Copy each line below word for word and drop every image.

> _DATA SECTION_:
● ● ● ● ● ● ●

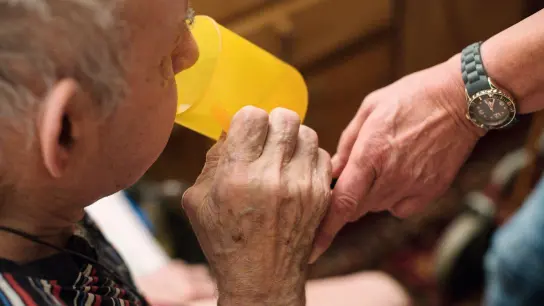 Eine ambulante Pflegerin hilft einem alten Mann bei der Tabletteneinnahme. (Foto: Jana Bauch/dpa)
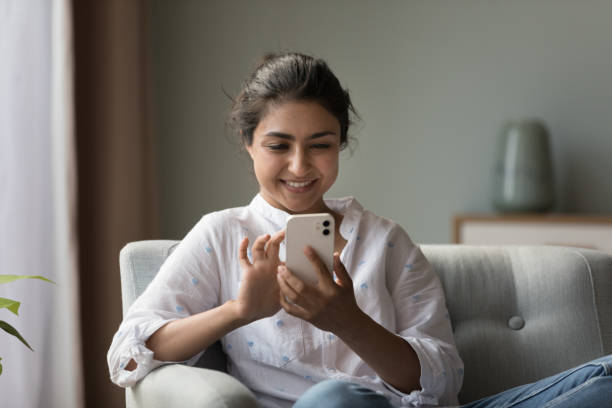 istock Indian woman websurfing information using modern cellphone 1435911278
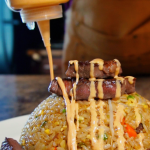 pouring yum yum sauce over steak fried rice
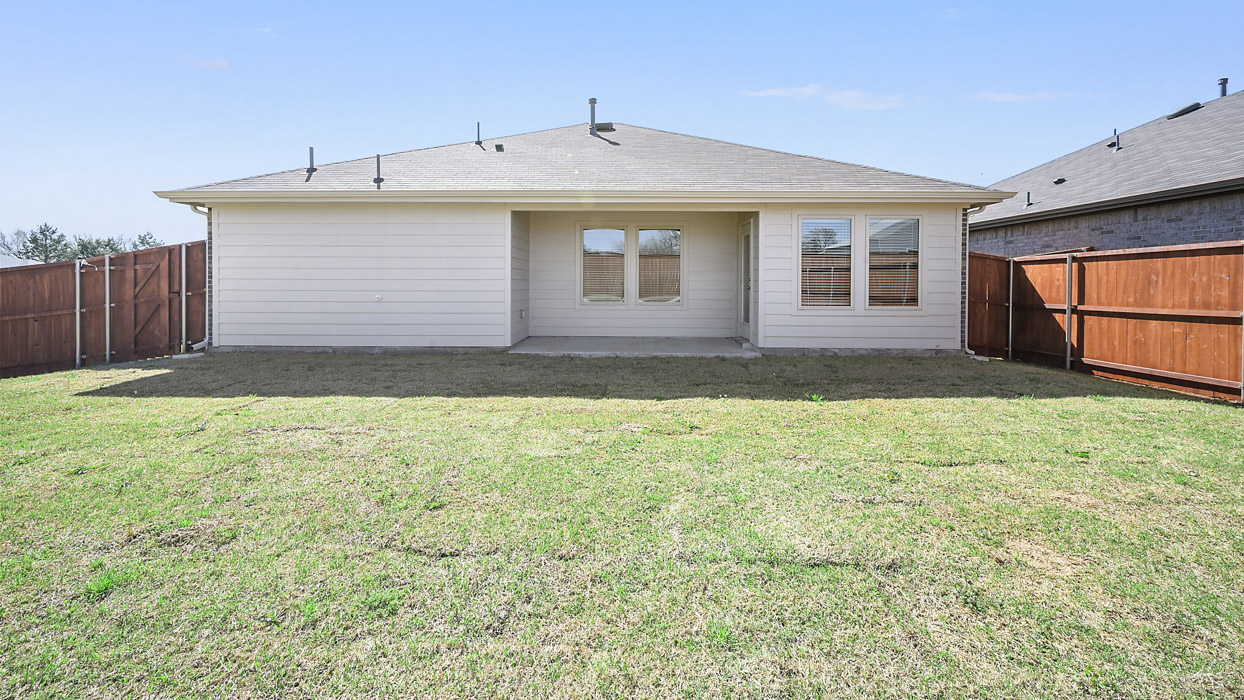 back side of one story home with siding and covered back patio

● ● ● ● ● ● ●

> _EXERCISE RESPONSE_:
 Eine ambulante Pflegerin hilft einem alten Mann bei der Tabletteneinnahme. (Foto: Jana Bauch/dpa)
 istock Indian woman websurfing information using modern cellphone 1435911278
 pouring yum yum sauce over steak fried rice
 back side of one story home with siding and covered back patio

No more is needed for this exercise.